Agency workers are subject to a “pay penalty” of 16p an hour if they are in the same job for three months or more, according to research by the Resolution Foundation.

The think tank has called for the government to repeal the Swedish derogation, an employment contract loophole that enables companies to avoid paying agency workers the same as directly employed staff.

Employees who are under Swedish derogation or “pay-between-assignment” contracts lose an average of £400 a year compared with their colleagues in identical roles but employed directly, it claimed.

The Resolution Foundation also recommended that agencies provide a written standardised statement outlining workers’ entitlements on their first day of work.

Both this and the repeal of the Swedish derogation were among the key recommendations of Matthew Taylor’s review of modern work practices, published in July 2017.

The report found that, while many workers enjoy the flexibility that agency work brings, there are widespread reports of “poor and sometimes unlawful” practice. Their ability to make demands of employers was often dependent on the strength of the local labour market – for example those in a buoyant market could leave assignments for better ones.

Lost holiday pay was also an issue: the Resolution Foundation estimated that in 2017 agency workers missed out on as much as £500 million of unpaid holiday pay. Around 500,000 agency workers are eligible for pensions auto-enrolment, yet there was poor awareness of this entitlement.

It recommended that the Employment Agency Standards Inspectorate set up new task forces in “agency worker hotspots” such as Barking and Dagenham, Leicester, Sandwell and North East Lincolnshire to target poor practice.

The EAS should in turn work more closely with local authorities, HMRC, the police and the Gangmasters and Labour Abuse Authority, as well as the Health and Safety Executive and Jobcentre Plus.

Lindsay Judge, senior research and policy analyst at the Resolution Foundation, said that the discussion around modern working conditions often overlooked the needs of agency workers.

“The varied nature of agency work presents a real challenge for policy makers, who must address poor regulation and poor practice while preserving the widespread positive aspects of the work,” she said.

“As well as reforming poor regulation, the government should stamp out unlawful practices through tougher, targeted enforcement work.

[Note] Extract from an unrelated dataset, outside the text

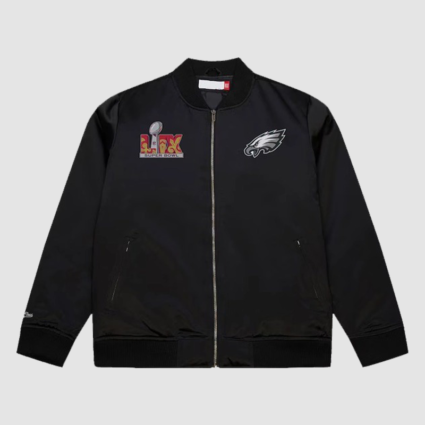 Get Mitchell & Ness Philadelphia Eagles Super Bowl LIX Champions Jacket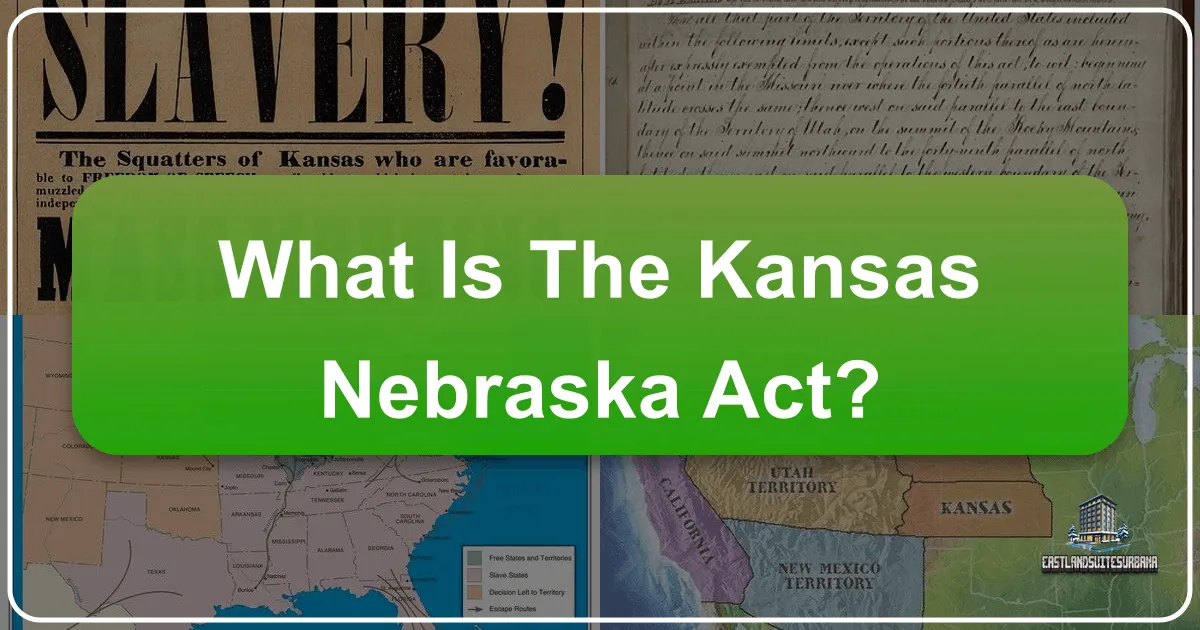 What is the Kansas-Nebraska Act?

“Agency Enforcement Task-forces should be established in areas like Barking and Dagenham, Leicester and North East Lincolnshire, where the combination of a high concentration of agency work and high levels of unemployment leave workers especially vulnerable to unlawful practices.”

Last month leaked government papers suggested that the government will pursue many of the recommendations made in the Taylor review, including a repeal of the Swedish derogation rule, although this is yet to be confirmed.